-- Data supplied follows --
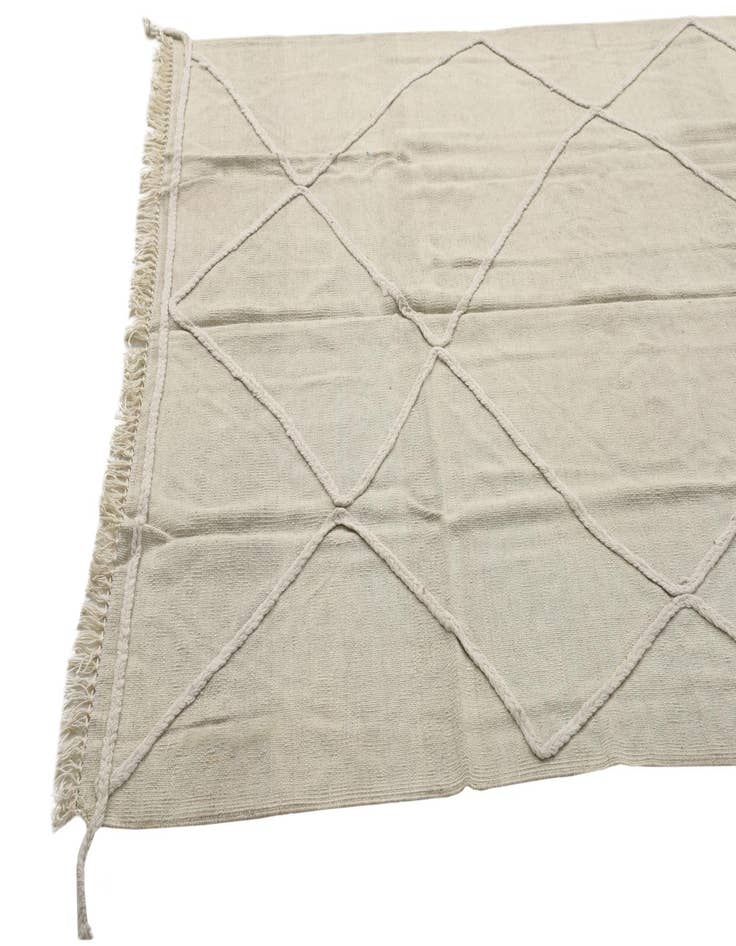 Detail image of  5' 6 x 7' 10  Hand Woven Kilim Modern Wool Rug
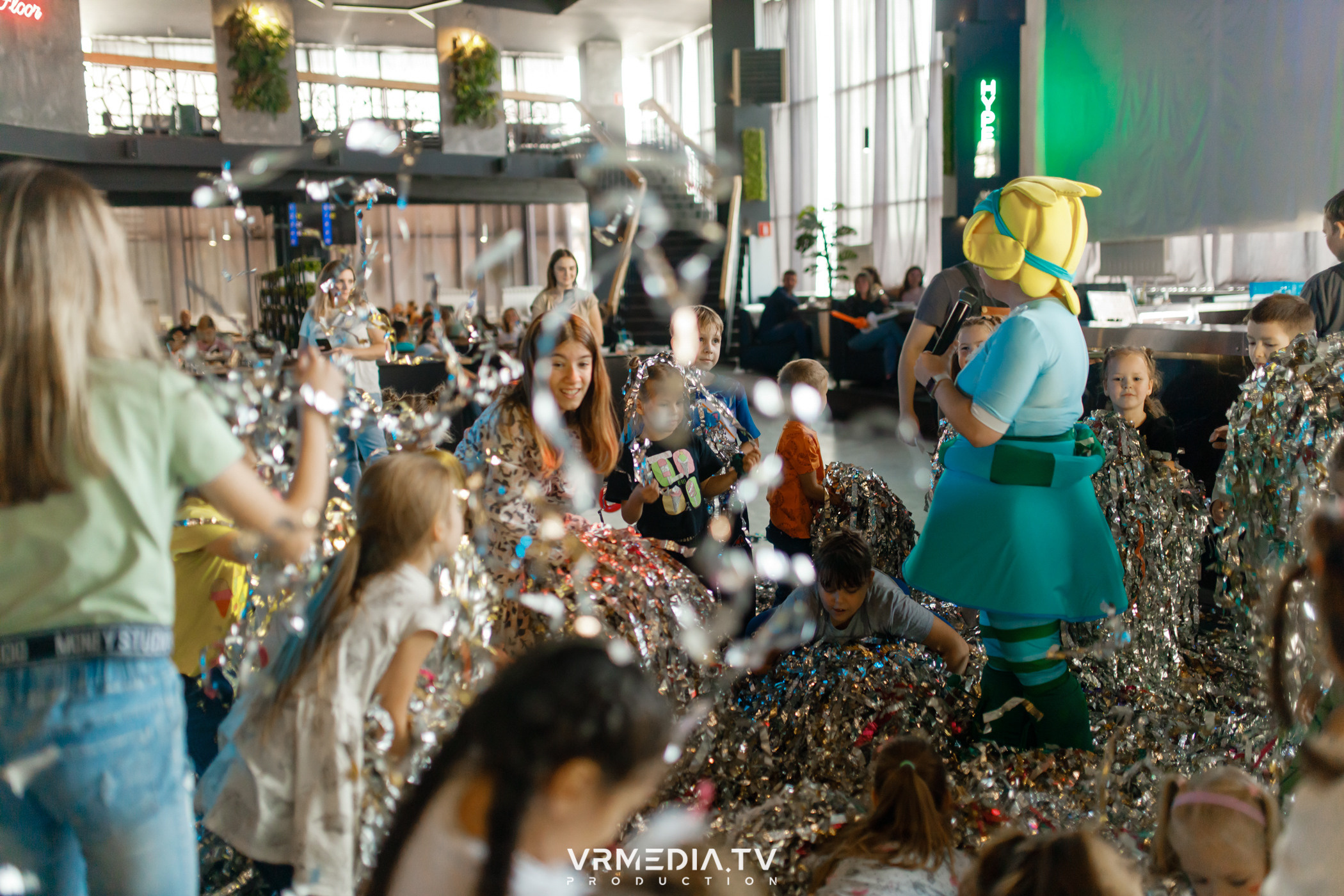 Baby time в баре «Друзья»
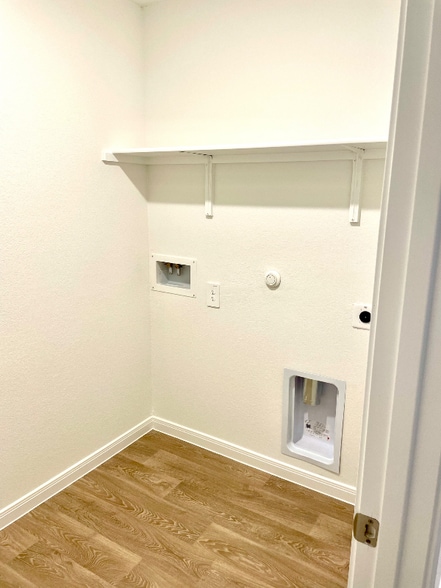 Building Photo - 320 Yosemite Dr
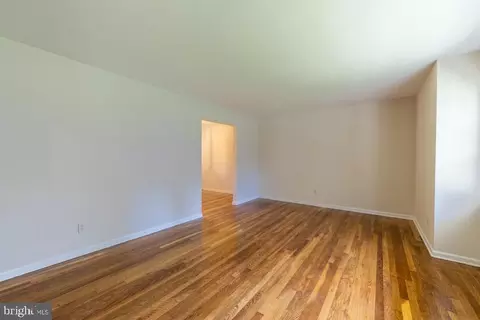 Living - 24 Wakefield Dr, Newark, DE 19711 photo 13 of 14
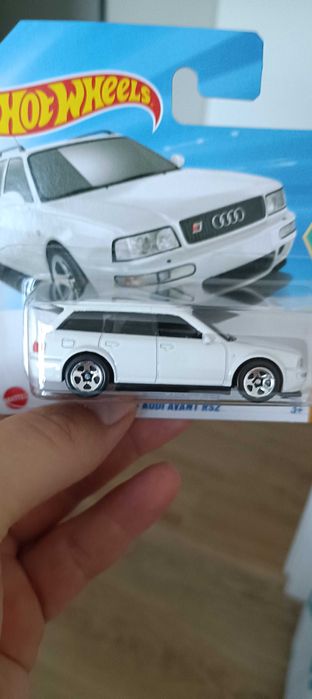 29/250 + Hot Wheels 94 Audi avant RS2 2/10 hv 70s vs 90s 2025 Case F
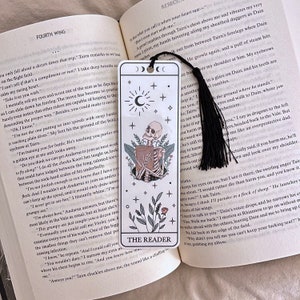 El marcador de cartas del tarot esqueleto del lector / Marcador gótico / Regalo de cumpleaños / Marcador Booktok / Regalos de libro para lectores / Marcador hecho a mano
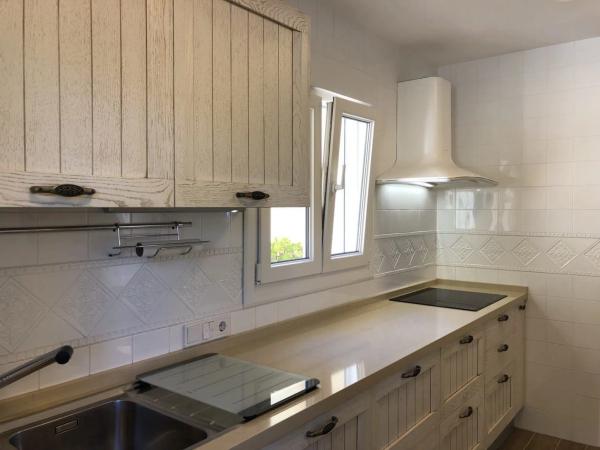 Casa independiente en calle Beniarrés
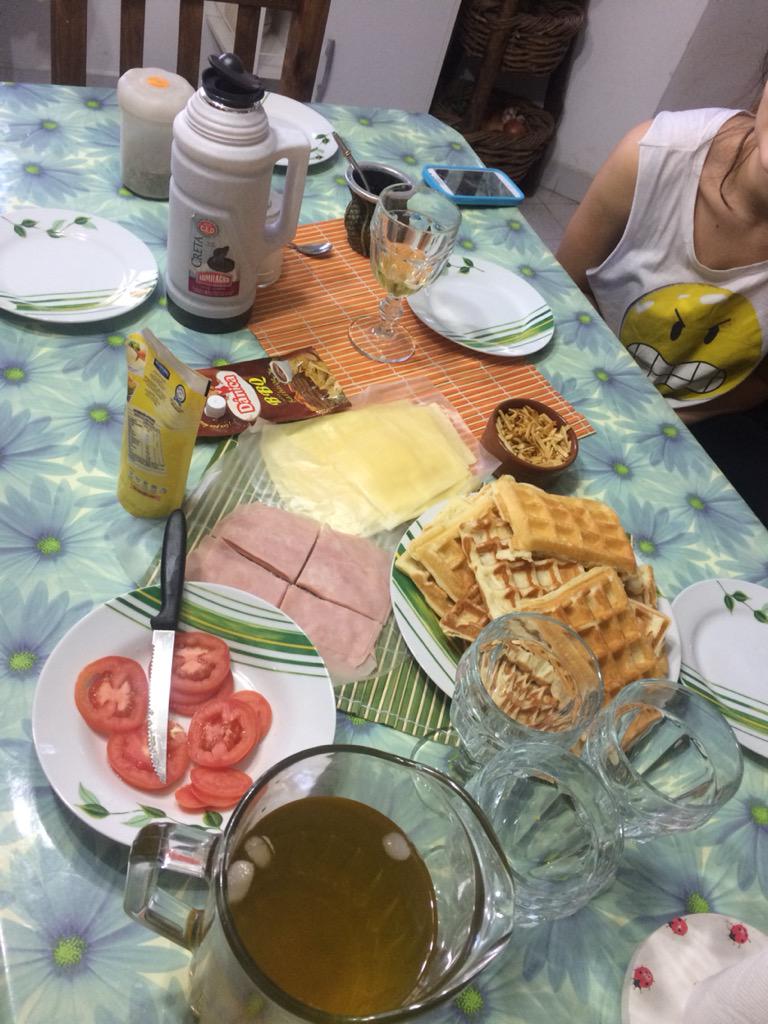 jorilina's tweet photo. Comiendo wafles @MarugallegoMg, @GabiRebolledo12 te los re perdiste!!! #wafleando http://t.co/D8xuiFpmZn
-- Data supplied concluded --
▶ [What you have to do]:
Starting at the line above that holds "Baby time в", repeat every line exactly down to and including the line that holds "El marcador de", then stop. Do not carry over any pictures.

▶ [Response to the exercise]:
 Baby time в баре «Друзья»
 Building Photo - 320 Yosemite Dr
 Living - 24 Wakefield Dr, Newark, DE 19711 photo 13 of 14
 29/250 + Hot Wheels 94 Audi avant RS2 2/10 hv 70s vs 90s 2025 Case F
 El marcador de cartas del tarot esqueleto del lector / Marcador gótico / Regalo de cumpleaños / Marcador Booktok / Regalos de libro para lectores / Marcador hecho a mano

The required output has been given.